Monday, Oct. 17, 1927.

Mr. DUNLOP said he was glad to be able to state that a settlement had been arrived at, and he asked that judgment should be entered in the terms endorsed on Counsel's briefs. He believed it was the view of both parties-and certainly it was the view of the defendants-that a settlement could not have been reached unless the investigation of the facts had been as full as they had been. Both parties considered themselves fortunate when they knew that the case was to be taken by Mr. Justice Finlay, and it would only be fitting to express their appreciation of the large and indispensable part which his Lordship had taken in the investigation of the case.

Mr. MORITZ associated himself with the remarks made by Mr. Dunlop, and said that although the costs were lamentable they had not been thrown away, because the settlement could not have been arrived at without the investigation which both sides had had, and without the matter being thrashed out as far as it was.

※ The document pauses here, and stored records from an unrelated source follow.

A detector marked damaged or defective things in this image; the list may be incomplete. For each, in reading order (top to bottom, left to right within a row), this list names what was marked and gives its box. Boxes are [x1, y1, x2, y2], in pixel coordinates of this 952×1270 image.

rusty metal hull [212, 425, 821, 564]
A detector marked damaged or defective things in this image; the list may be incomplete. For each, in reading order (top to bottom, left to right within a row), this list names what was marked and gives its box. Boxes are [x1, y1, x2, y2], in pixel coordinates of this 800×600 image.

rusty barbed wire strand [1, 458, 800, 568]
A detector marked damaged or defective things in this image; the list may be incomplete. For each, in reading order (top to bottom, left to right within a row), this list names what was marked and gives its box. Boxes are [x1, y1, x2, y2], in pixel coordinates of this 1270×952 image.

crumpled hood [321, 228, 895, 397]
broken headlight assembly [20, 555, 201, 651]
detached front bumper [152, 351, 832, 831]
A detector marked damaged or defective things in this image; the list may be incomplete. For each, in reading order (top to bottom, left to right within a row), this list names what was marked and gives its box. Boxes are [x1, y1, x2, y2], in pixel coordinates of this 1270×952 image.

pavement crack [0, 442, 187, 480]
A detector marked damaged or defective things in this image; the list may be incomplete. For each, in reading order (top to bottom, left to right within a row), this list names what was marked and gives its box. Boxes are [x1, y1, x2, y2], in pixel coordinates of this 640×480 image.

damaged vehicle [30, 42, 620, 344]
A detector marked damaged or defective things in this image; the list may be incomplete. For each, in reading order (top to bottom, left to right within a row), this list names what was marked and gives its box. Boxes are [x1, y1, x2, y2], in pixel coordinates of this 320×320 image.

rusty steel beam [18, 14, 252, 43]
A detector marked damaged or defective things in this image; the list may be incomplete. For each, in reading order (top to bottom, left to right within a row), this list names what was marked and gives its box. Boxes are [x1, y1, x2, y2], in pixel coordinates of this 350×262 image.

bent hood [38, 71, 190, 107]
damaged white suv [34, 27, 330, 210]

Mr. Justice FINLAY said the case had been a troublesome one, and he had been enormously assisted by the zeal and ability with which it had been conducted on both sides. He also desired to express his appreciation of the assistance that had been given to him by the expert witnesses. He accepted the terms of settlement.

KING'S BENCH DIVISION.

Thursday, Oct. 13, 1927.

DENT v. BLACKMORE AND OTHERS.

Before Mr. Justice MCCARDIE. Insurance (motor car)-Policy-ValidityRepudiation by insurers upheld on ground (1) that answers given in proposal form were untrue; (2) that there was non-disclosure-Plea of ambiguity not accepted by learned Judge.

This case concerned a dispute regarding the repudiation of a motor car insurance policy, and was brought by Mr. Reuben Henry Dent, of Wigmore Street, London, against Mr. Ernest Blackmore and Others, Underwriting Members of Lloyd's.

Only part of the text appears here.